Task objective: Leave out the pictures and repeat exactly the lines from the one containing "Lobby and Guest Check-in" through the end of the records.

The data:

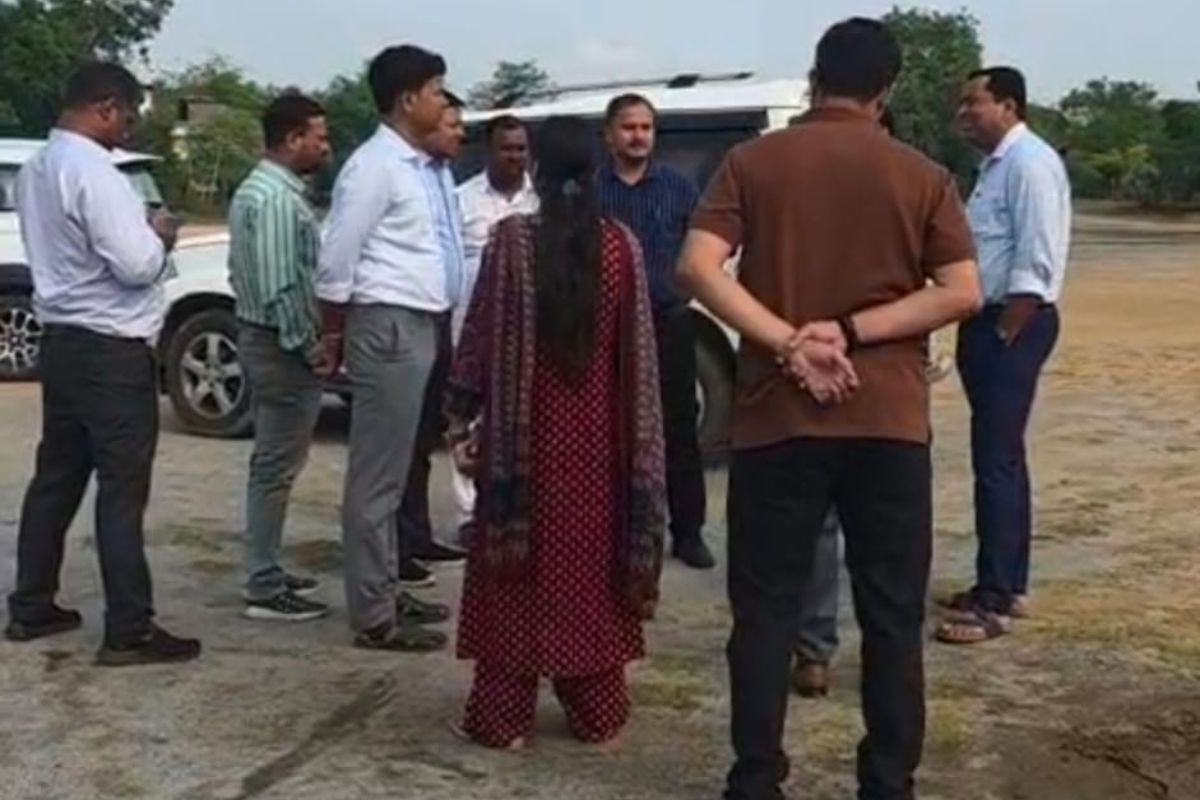 सीएम के संभावित दौरे को लेकर बभंडीह में बढ़ी हलचल, तैयारियों का अधिकारियों ने लिया जायजा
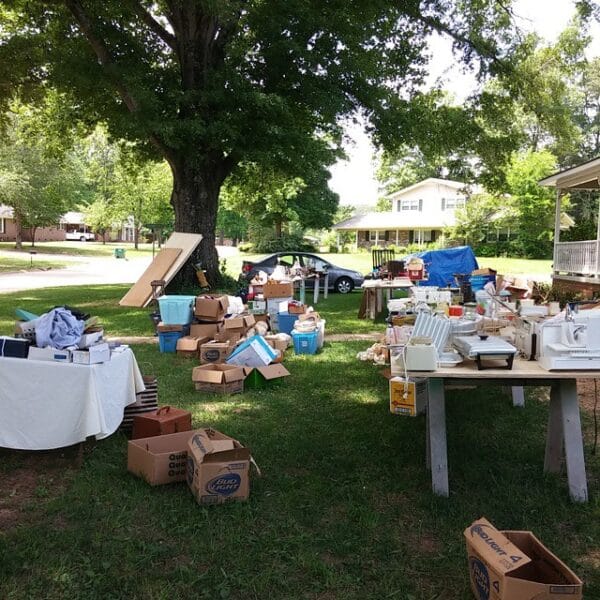 25 Tips – Do’s and Don’ts For Having A Yard Sale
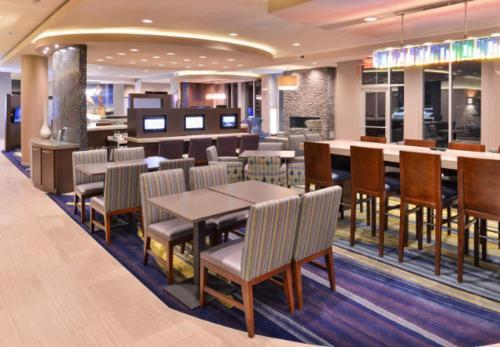 Hotel Springhill Suites By Marriott Raleigh Cary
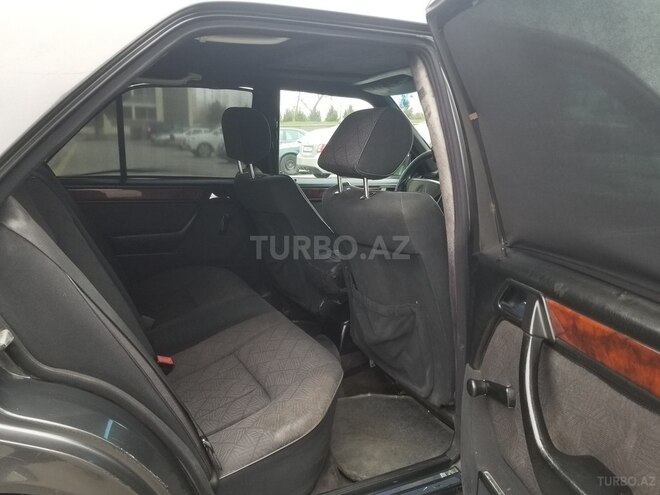 Mercedes E 220 1994, 485,600 km - 2.2 l - Bakı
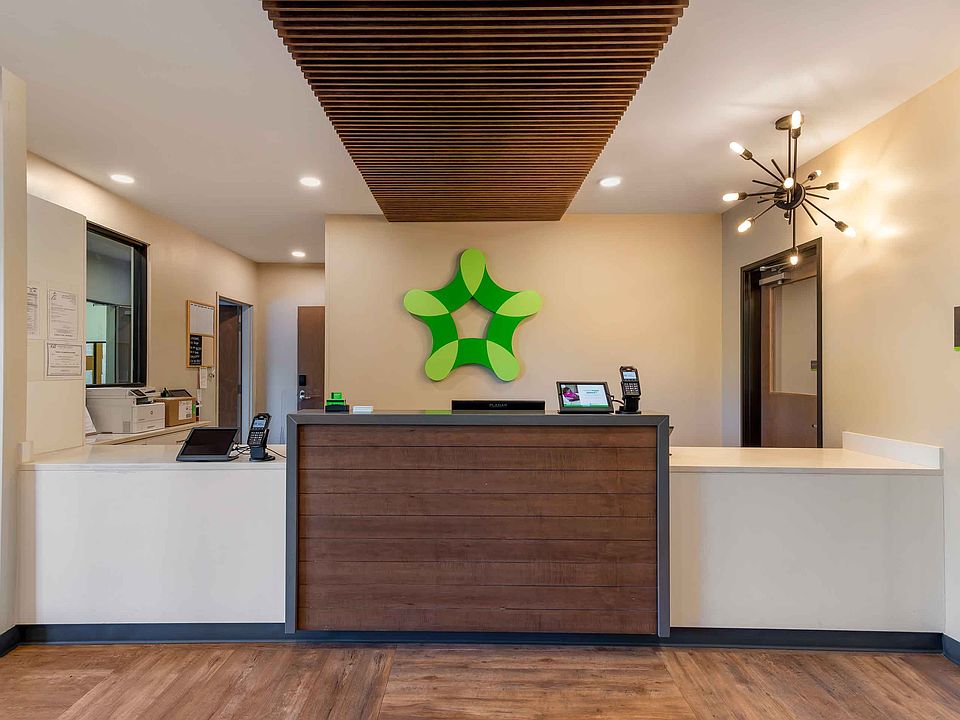 Lobby and Guest Check-in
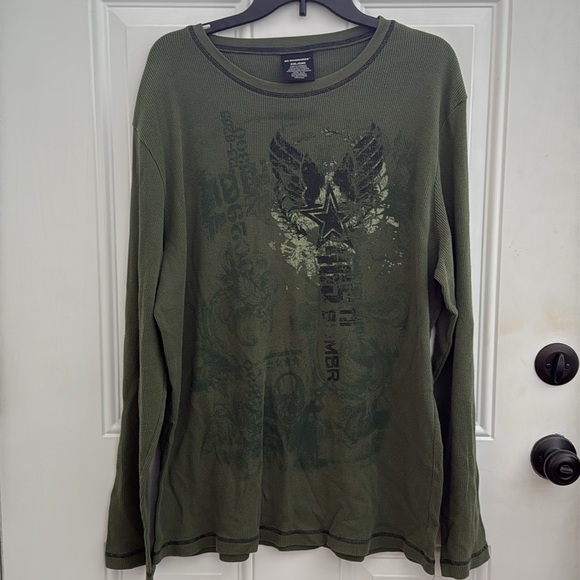 No Boundaries Graphic Long Sleeve Shirt. XXL. - Picture 4 of 11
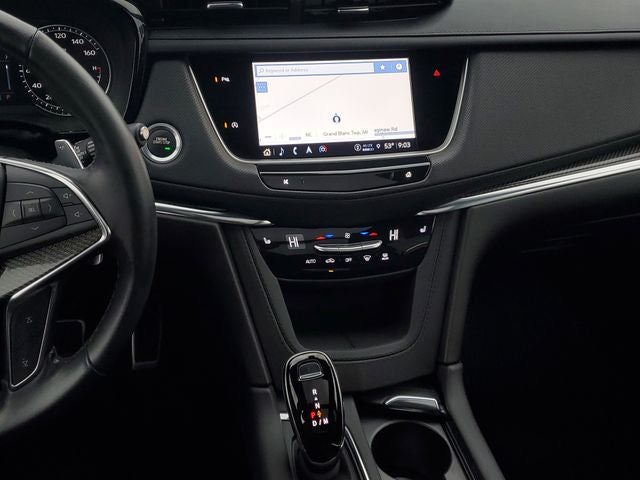 2024 Cadillac XT5 Sport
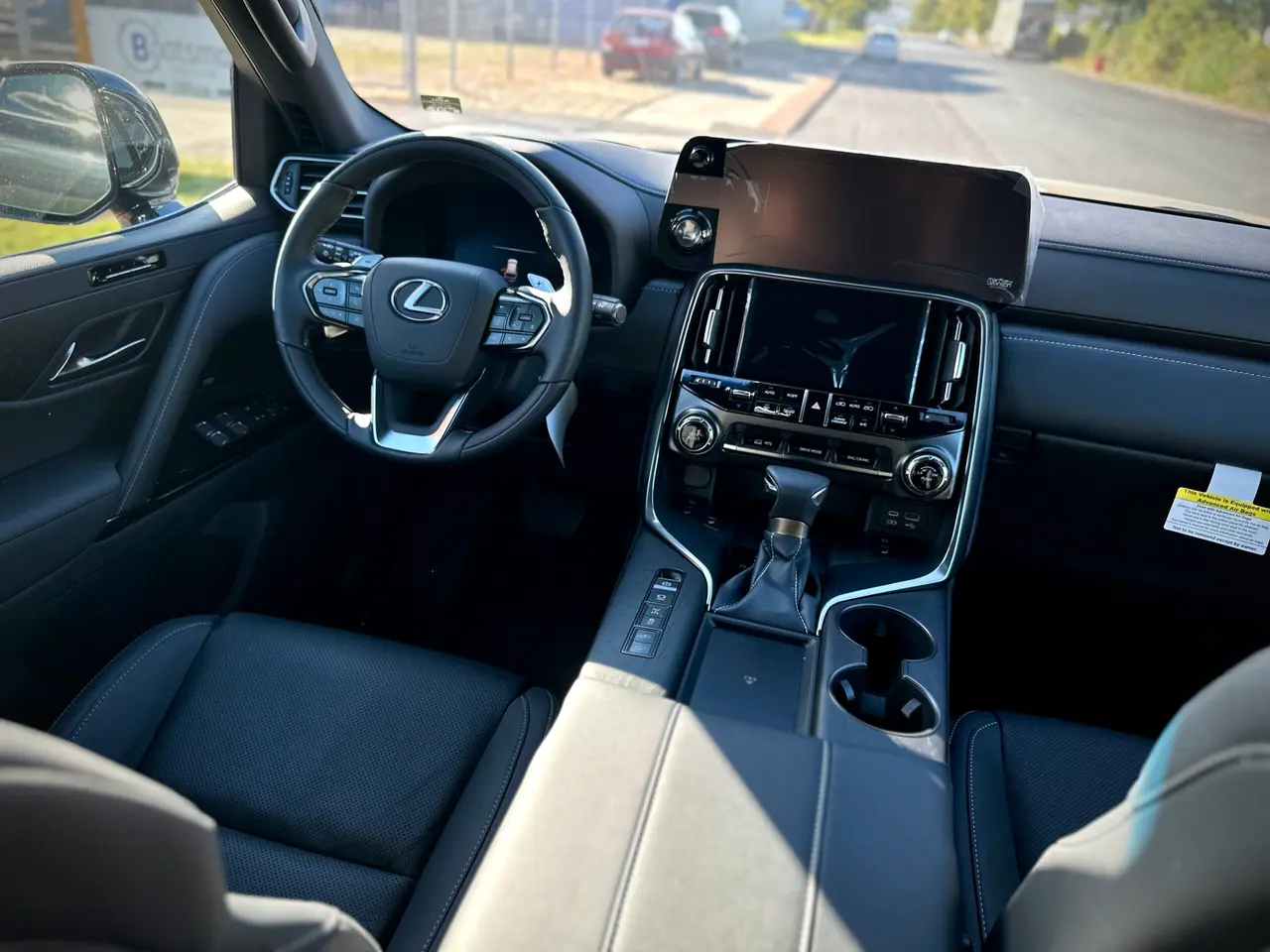 2 X Lexus LX600 Luxury NEW, On stock in Bremerhaven – 9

Problem solution:
 Lobby and Guest Check-in
 No Boundaries Graphic Long Sleeve Shirt. XXL. - Picture 4 of 11
 2024 Cadillac XT5 Sport
 2 X Lexus LX600 Luxury NEW, On stock in Bremerhaven – 9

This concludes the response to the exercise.